I made a simple python wrapper (apted.py) for the APTED algorithm using jpype if anyone is interested:

# To use, create a folder named lib next to apted.py, then put APTED.jar into it

import os, os.path, jpype 

global distancePackage
distancePackage = None

global utilPackage
utilPackage = None

def StartJVM():
  # from http://www.gossamer-threads.com/lists/python/python/379020
  root = os.path.abspath(os.path.dirname(__file__)) 
  jpype.startJVM(jpype.getDefaultJVMPath(), 
  "-Djava.ext.dirs=%s%slib" % (root, os.sep))
  global distancePackage
  distancePackage = jpype.JPackage("distance")
  global utilPackage
  utilPackage = jpype.JPackage("util")


def StopJVM():
  jpype.shutdownJVM()


class APTED:
  def __init__(self, delCost, insCost, matchCost):
    global distancePackage
    if distancePackage is None:
      raise Exception("Need to call apted.StartJVM() first")
    self.myApted = distancePackage.APTED(float(delCost), float(insCost), float(matchCost))

  def nonNormalizedTreeDist(self, lblTreeA, lblTreeB):
    return self.myApted.nonNormalizedTreeDist(lblTreeA.myLblTree, lblTreeB.myLblTree)


class LblTree:
  def __init__(self, treeString):
    global utilPackage
    if utilPackage is None:
      raise Exception("Need to call apted.StartJVM() first")

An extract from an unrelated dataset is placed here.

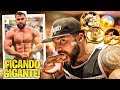 COMENDO LIXO TODO DIA E CRESCENDO SECO!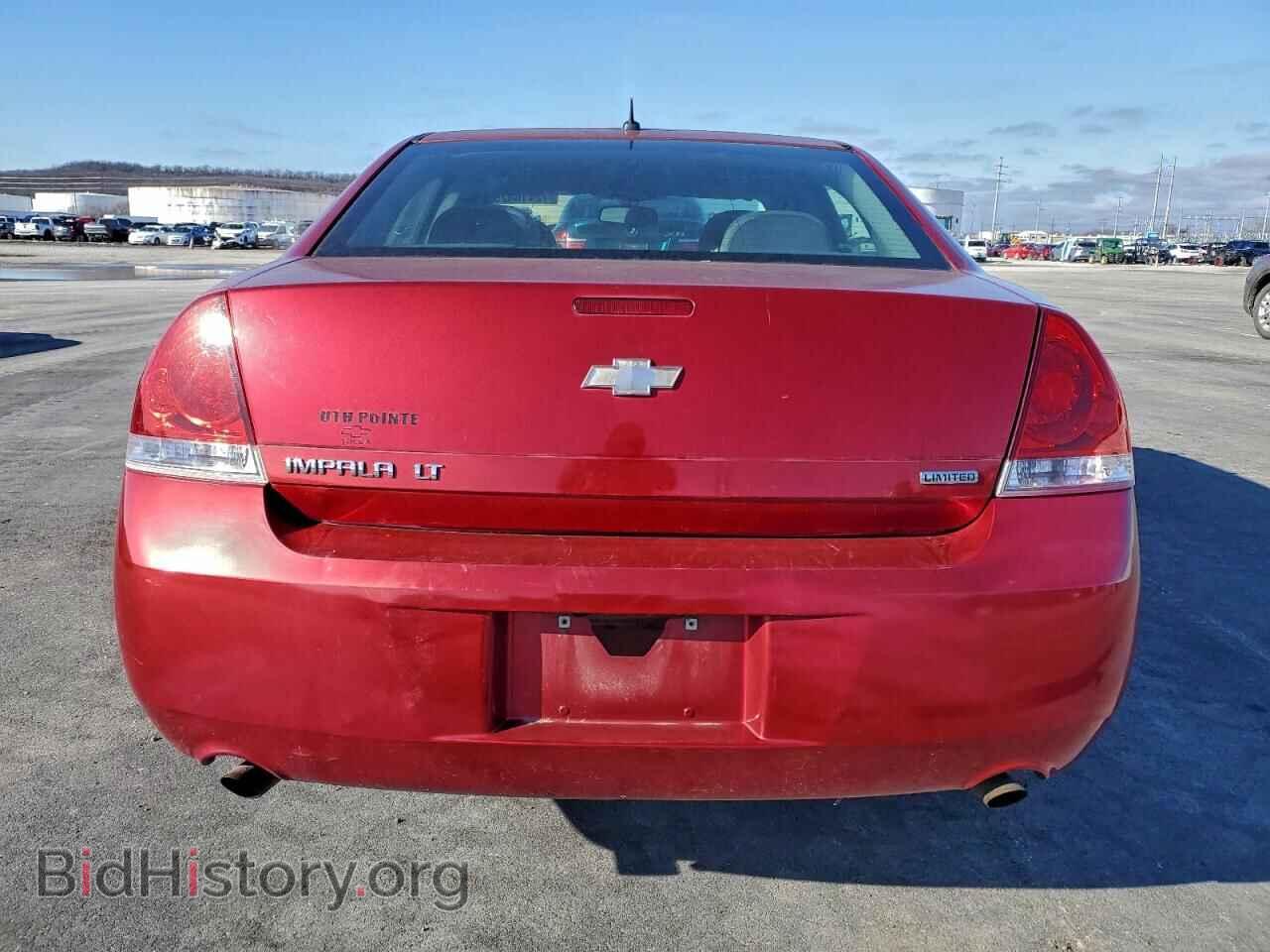 2014 CHEVROLET IMPALA - VIN: 2G1WB5E39E1146485 - Фото 6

    self.myLblTree = utilPackage.LblTree.fromString(treeString)

'''
# Example usage:

import apted
apted.StartJVM()
aptedDist = apted.APTED(delCost=1, insCost=1, matchCost=1)
treeA = apted.LblTree('{a}')
treeB = apted.LblTree('{b{c}}')
dist = aptedDist.nonNormalizedTreeDist(treeA, treeB)
print dist


# When you are done using apted
apted.StopJVM()
# For some reason it doesn't usually let me start it again and crashes python upon exit when I do this so call only as needed
'''


回答6:

There is a journal version of the ICALP2007 paper you refer to at http://www.wisdom.weizmann.ac.il/~oweimann/Publications/TEDinTALG.pdf This version also has a pseudocode.



回答7:

There are many variations of tree edit distance. If you can go with top-down tree edit distance, which limits insertions and deletes to the leaves, I suggest trying the following paper: http://portal.acm.org/citation.cfm?id=671669&dl=GUIDE&coll=GUIDE&CFID=68408627&CFTOKEN=54202965. The implementation is a straightforward dynamic programming matrix with O(n2) cost.



回答8:

I think you're just looking for the shortest path between two verticies. If so, you can use Dijkstra's algorithm. (The wikipedia page has pseudocode on it for you to refer to.)